# [Task]
Emit the data below verbatim, stripping out any pictures.

# [Data section]
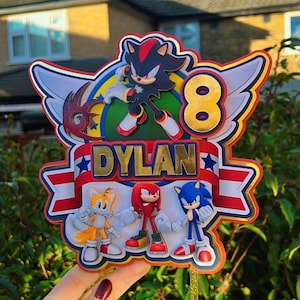 Decorazione per torta di compleanno 3D a tema Shadow, Sonic the Hedgehog, Knuckles e Tails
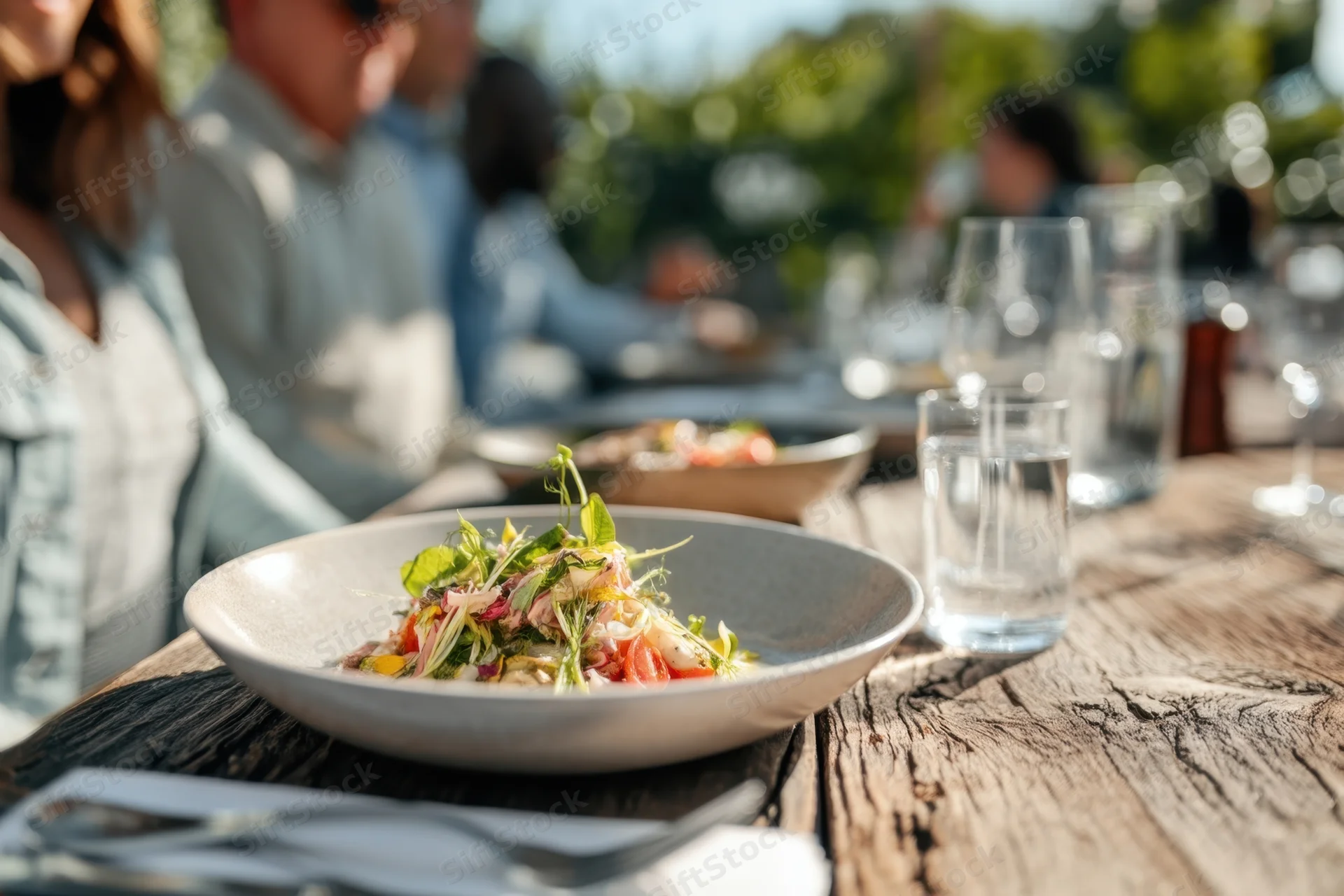 Salad served on a rustic wooden table outdoors with people dining in the background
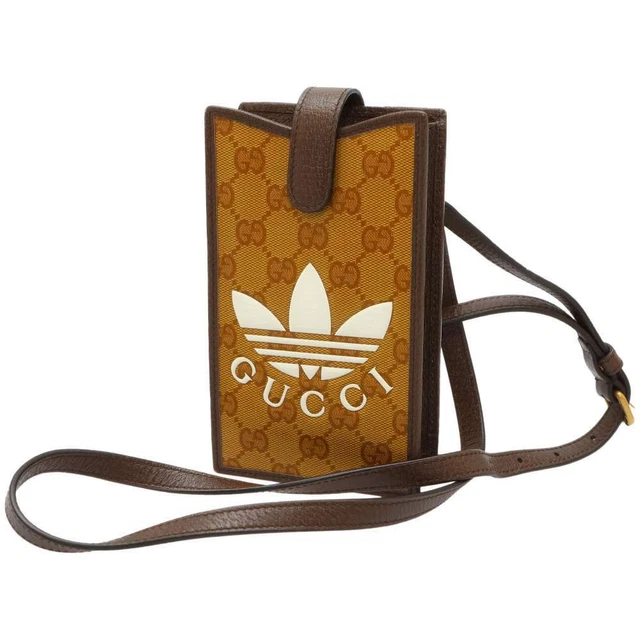 GUCCI Adidas collaboration GG Crystal smartphone case PVC/Leather Beige/Brow...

# [Result of the task]
 Decorazione per torta di compleanno 3D a tema Shadow, Sonic the Hedgehog, Knuckles e Tails
 Salad served on a rustic wooden table outdoors with people dining in the background
 GUCCI Adidas collaboration GG Crystal smartphone case PVC/Leather Beige/Brow...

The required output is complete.